And if you tell me that none but a sentimentalist would call poverty an enrichment, then I can only assume that you have never been poor; and if you tell me that the high behavior of Horatio is at the best but endurance, even then, could I grant you so much, the argument still would hold. Even so, Horatio endured life with a noble grace, and helped others to do so; even so, he was able still to find pleasure in a fate from which the wealthy would shrink in horror, and lovable traits in one they would have called his bitterest enemy. He had blessed the life which had cursed him, and had loved it though it had despitefully used him.

So he triumphed—yet without pride; nor did one hear in his spirit's victory any hint of animosity, or talk of reprisals, or bitterness, or demand for indemnities, or hidden hate. Rather, he was to be found each day undefeated in his impregnable gentleness, that still unfallen province in which he dwelt. His were some incalculable riches of the spirit which Poverty had heaped up and amassed for him through those years when his fingers handled without complaint the miserable pennies; his was some towering strength under the disguise of the weak and broken body; like that Olympian glory fabled inevitably to appear some time, under the mortal humility of gods in exile. There was about him, for all his slenderness, something grand, something epic, and allegorical. He might have stood as a symbol of a downtrodden people, such nations as the world (be it said to our shame) sees still, and that not in small numbers—crushed, oppressed by the arrogant, the strong, yet still surviving and giving to the other nations their gifts of gay song or heroic endurance, and out of an incredible bounty still bestowing love and kindness and beauty on the world which has behaved toward them without mercy.

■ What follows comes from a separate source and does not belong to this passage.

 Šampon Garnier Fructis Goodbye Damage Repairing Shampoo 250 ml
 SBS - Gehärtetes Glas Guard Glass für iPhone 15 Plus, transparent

Look, if you will, at the beggar nations of the world, and search the heart of the poor among peoples, and I am convinced that you will find in these also corroborative evidence of truths I have tried here to touch upon but lightly. Let be their follies and their mistakes and all their incredible assumptions: who shall declare that poverty has not enriched them likewise? And among them, shall you not find high and royal and single spirits, who, like Horatio, have both known and loved the world and triumphed over it without animosity? To have known and yet to have loved the world! Is not this the real heart of the matter? Is not this the true test after all, and the indisputable mark of a king's son? And shall you not find it oftener among the poor than elsewhere? For he cannot be said to know the world who has never been at its mercy; even as only he can be said to have triumphed over it, who, having suffered all things at its hands, yet loves it with unconquerable fidelity.

GUESTS

I
RELATIONS OF THE SPIRIT

In his essay on "Character" Emerson points to the mutation and change of religions and theological teachings, and then thunders characteristically, "The moral sentiment alone is omnipotent." Now, Emerson never takes away anything traditional and cherished, but he puts something nobler into your hands in place of it. Hear him: "The lines of religious sects are very shifting, their platforms unstable; the whole science of theology of great uncertainty. No man can tell what religious revolutions await us in the next years." Then with thundering assurance he gives us the coveted reassurance. "But the science of ethics has no mutation. The pulpit may shake, but this platform will not. All the victories of religion belong to the moral sentiment."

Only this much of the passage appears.